Palestinian Center for Human Rights 11 September 2008
On a hot afternoon during the month of Ramadan, there are few better places to be than resting beneath the shade of an orchard of guava trees, with the scent of fresh ripening fruit wafting around you. Farmer Sa’id al-Agha sits quietly, his eyes resting on his fruit trees. “My father and my grandfather both grew up here, farming guavas, and I’ve lived here all my life” he says. “This land is in my blood.”
Sa’id al-Agha farms 30 dunams of guava plantations in Mawasi, in the southwestern Gaza Strip, where the loamy soil also encourages date palms and citrus trees to thrive (a dunam is the equivalent of 1,000 square meters). His Mawasi farm is a tranquil haven in Gaza, which has one of the highest population densities in the world. There are some 120 guava farms dotted around Mawasi, and between them the farmers and their families cultivate more than 2,500 dunams of guavas. August and September are the height of the Gaza guava season, and we can hear workers calling to each other as they harvest the fruit by hand.
Sa’id al-Agha employs five full time farm workers, and five of his nine sons also work on the farm. “We harvest 150 tons of guavas each year here” he says. “But for five years, from 2000 until 2005, when the Israeli settlers were still here, we just let the fruit fall from the trees to the ground, and harvested nothing.” After the eruption of the second intifada, in September 2000, the Israeli Occupation Forces (IOF) established checkpoints across the Gaza Strip. Situated near a major Israeli settlement bloc, Mawasi was hemmed in between two major checkpoints, with all access was directly controlled by the IOF. Mawasi residents needed permits even to visit the nearby town of Khan Younis. They were trapped. “I could not pass the checkpoint even to take my produce to the local market in Khan Younis’ says Sa’id al-Agha. For five year he and his family did not sell a single guava. When the Israeli settlers were withdrawn from Gaza in August 2005, he was hopeful business would drastically improve.
Mawasi is the garden of Gaza, renowned for its guavas, which used to be exported throughout the Middle East and even to Europe. But three years after the Israeli settlers were withdrawn from Gaza, Sa’id al-Agha is still waiting to export guavas from Gaza.
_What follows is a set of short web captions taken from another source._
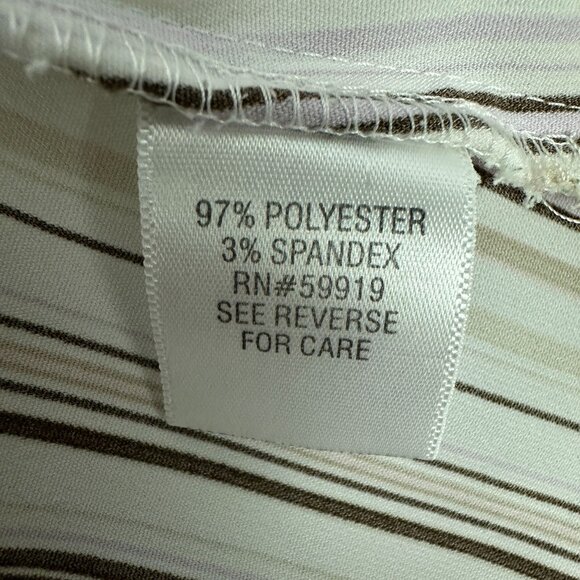 Croft & Barrow Womens 3X Button Down Short Sleeve Striped Shirt Stretch Relaxed - Picture 5 of 10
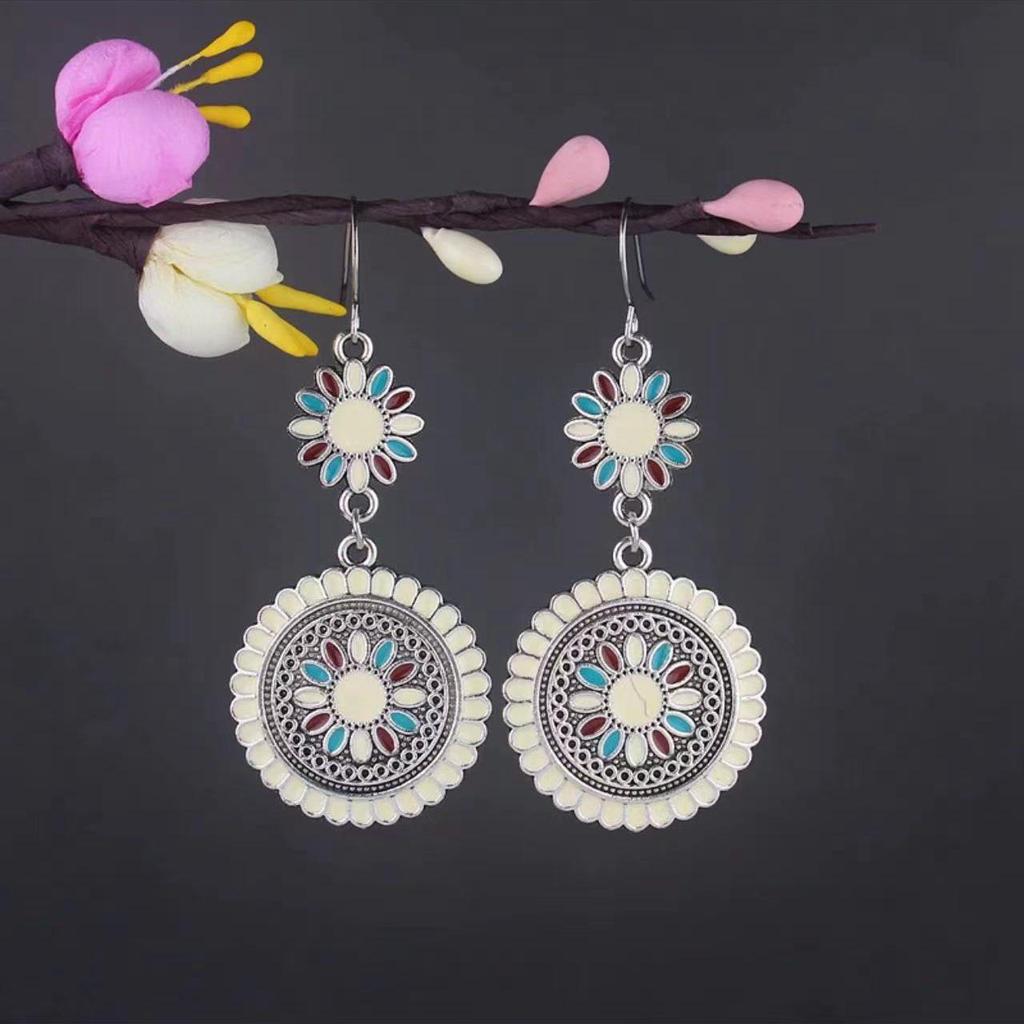 Bohemian Turquoise Owl Dream Catcher Tassel Earrings for Women
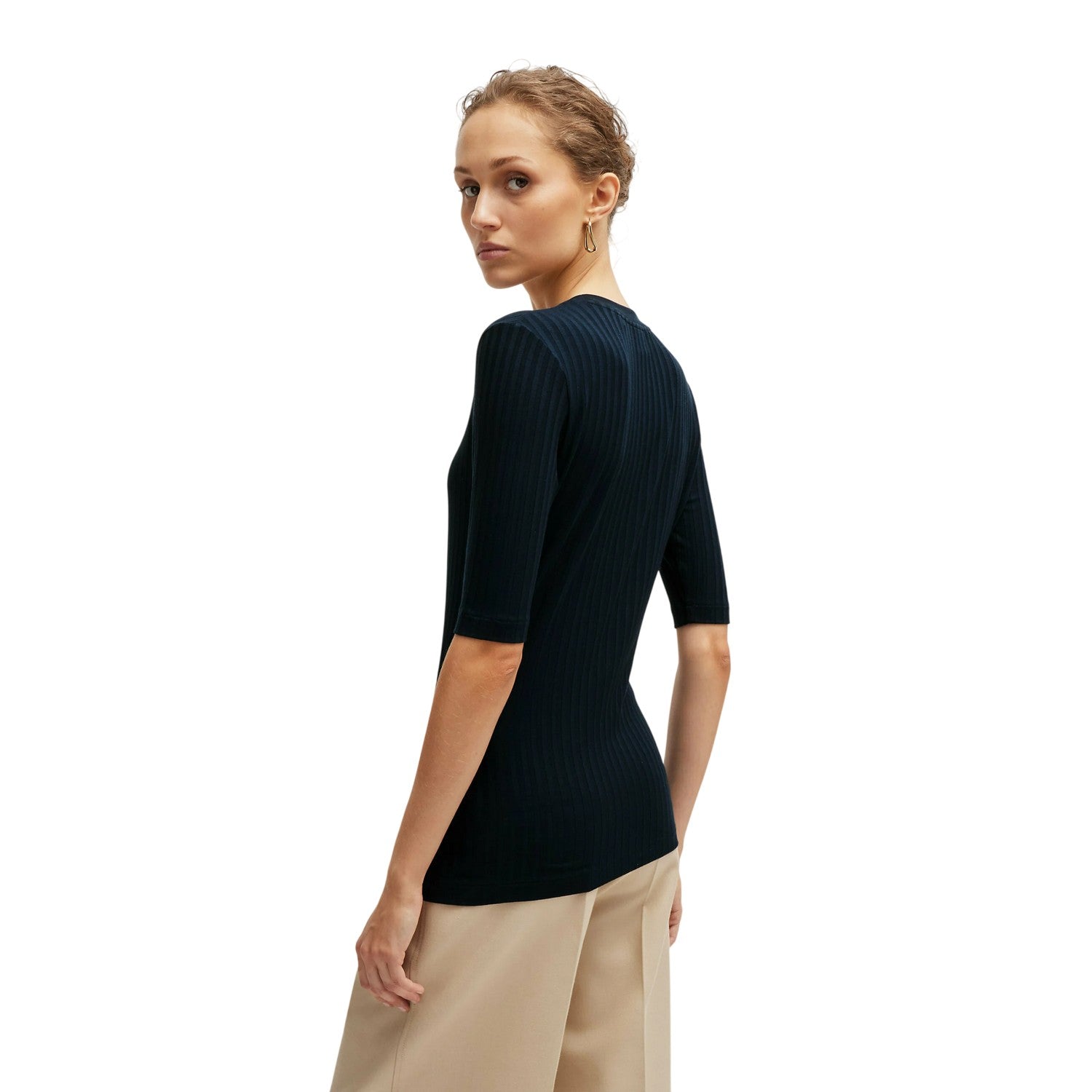 Dark Blue - Back - Boss Womens-Ladies Effilie Ribbed T-Shirt
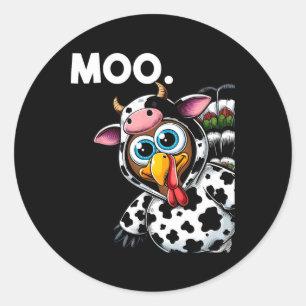 Turkey Moo Cow Costume Funny Thanksgiving Hallowee Classic Round Sticker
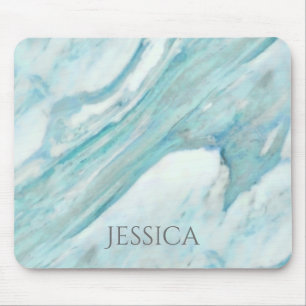 Ocean Blue Surf Abstract Marble Pattern Mouse Mat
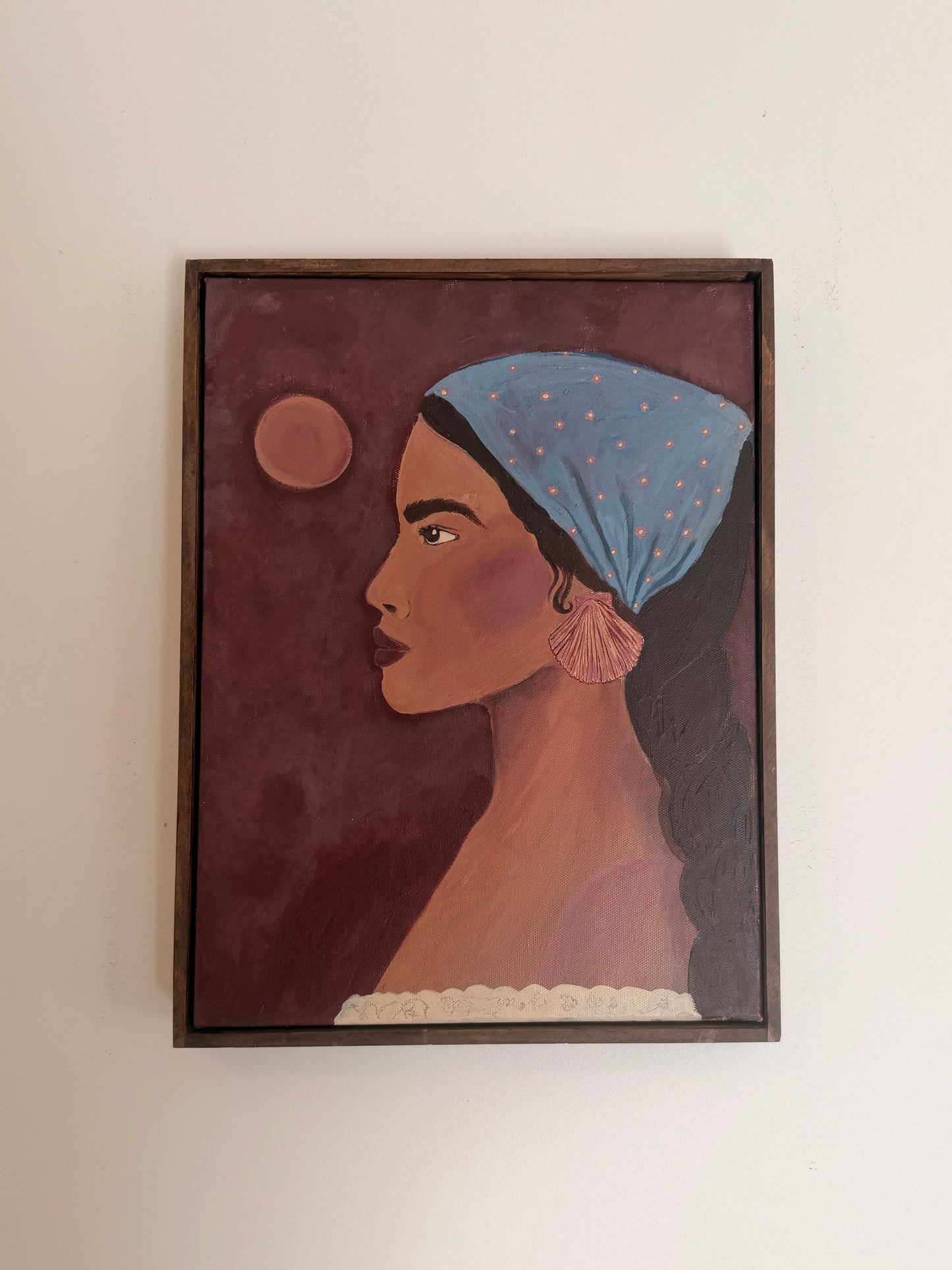 Bandana girl with Shell earring Original Painting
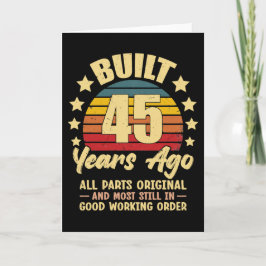 Tarjeta Festiva 45 Years Ago All Parts Original 45th Birthday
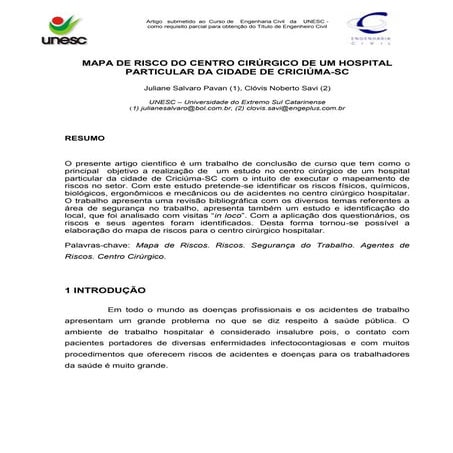 Mapa risco centro cirurgico | PDF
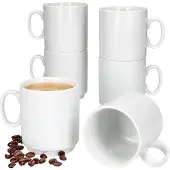 MamboCat 6er Set EVENT stapelbare Kaffeebecher weiß Porzellan 250 ml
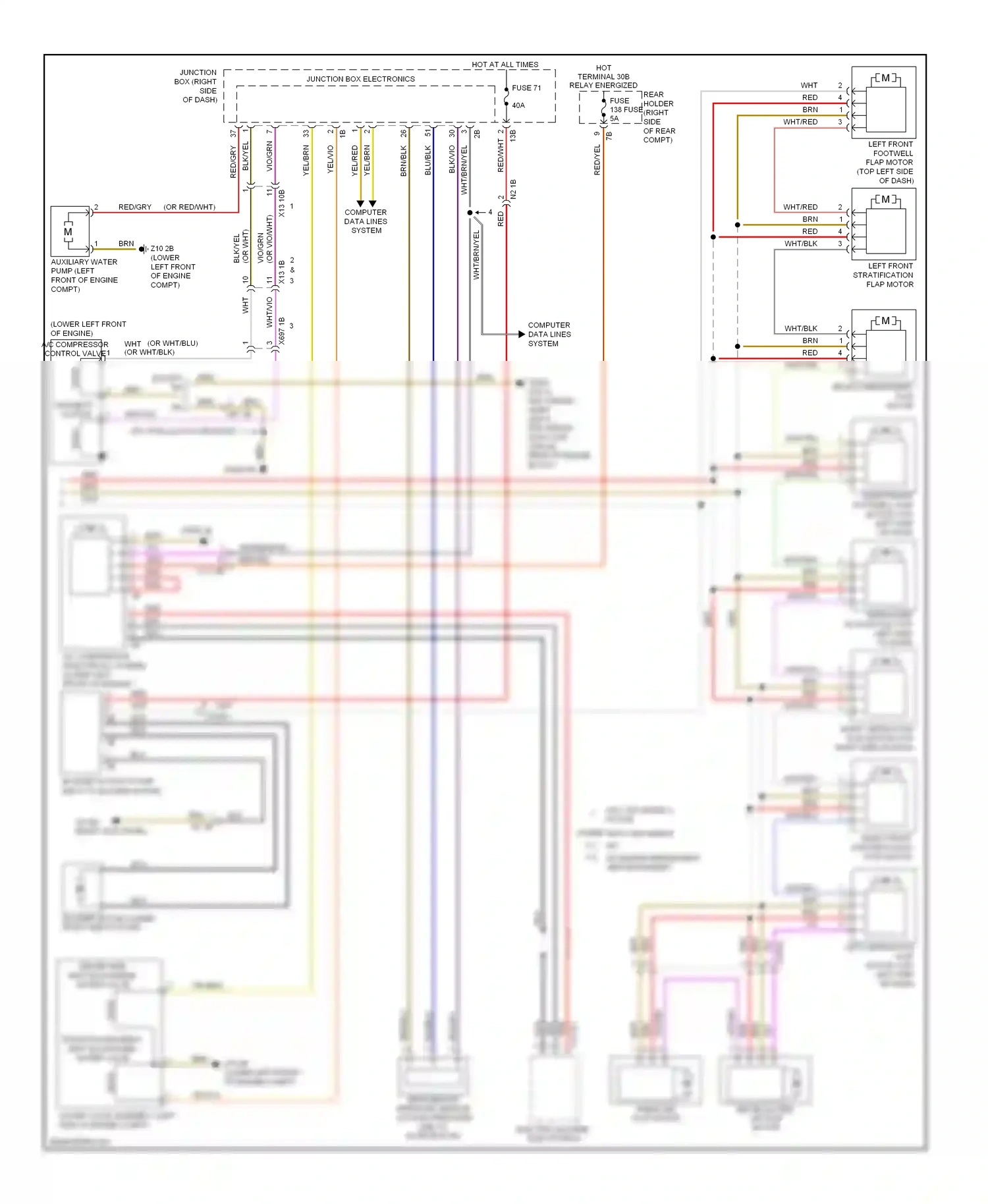Wiring diagram left front stratification flap motor for BMW M5 F10 facelift (2013-2016) (1 of 2)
Increasingly draconian restrictions on exports of all goods from Gaza have been steadily imposed by Israel, devastating Gaza’s overall economy, and crippling its farming industry. “If I could sell guavas in Jordan, or even in Ramallah on the West Bank, I would make up to $1,000 a ton” he says. “But instead I sell all my fruit in local Gaza markets. I make $200 a ton at the beginning of the season, and about $100 a ton towards the end of the season.” He says he survives financially because of the help he gets from his five sons, and because he owns another 30 dunams of land where he grows vegetables, lemons and clementines. “I know I am lucky” he says. “Many other local farmers have been forced to give up their land.”
Mohammed Mohammed al-Ziq, who leads the Cooperative Association for Agricultural Development in the southern Gaza Strip, is also a local farmer. “The biggest problem for farmers in Gaza is that we just cannot export our produce” al-Ziq says. “Around 40 percent of local farmers here in southern Gaza have sold some or all of their land, and gone to look for work in the towns instead.”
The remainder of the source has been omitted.